MATERIAL SHOWN:
----
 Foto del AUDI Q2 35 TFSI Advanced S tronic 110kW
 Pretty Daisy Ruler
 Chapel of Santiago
----
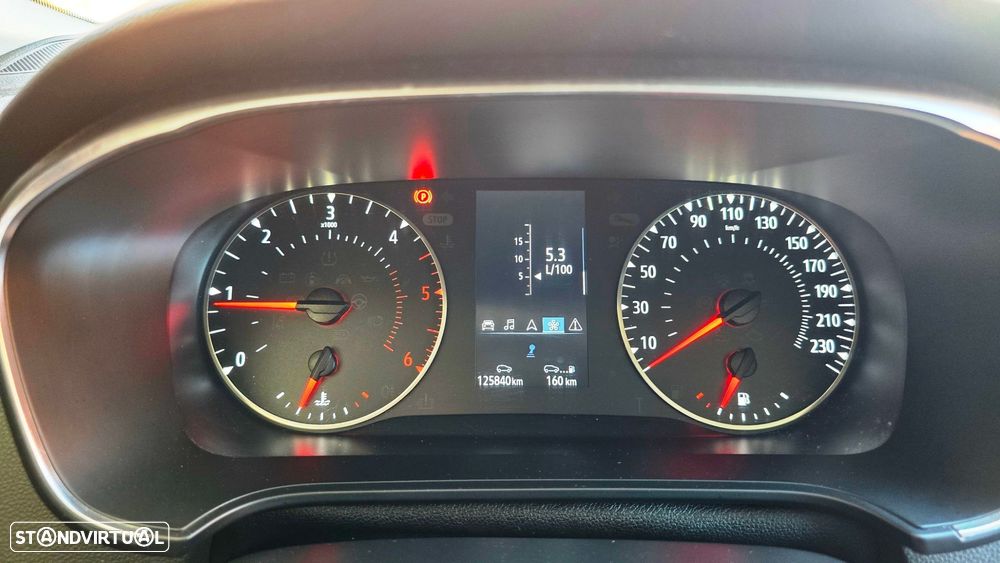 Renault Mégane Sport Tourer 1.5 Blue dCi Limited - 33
----
HOW TO COMPLETE THIS TASK:
Given the records above, reproduce precisely and only the lines between the line holding "Foto del AUDI" and the line holding "Chapel of Santiago", inclusive.

EXERCISE OUTPUT:
 Foto del AUDI Q2 35 TFSI Advanced S tronic 110kW
 Pretty Daisy Ruler
 Chapel of Santiago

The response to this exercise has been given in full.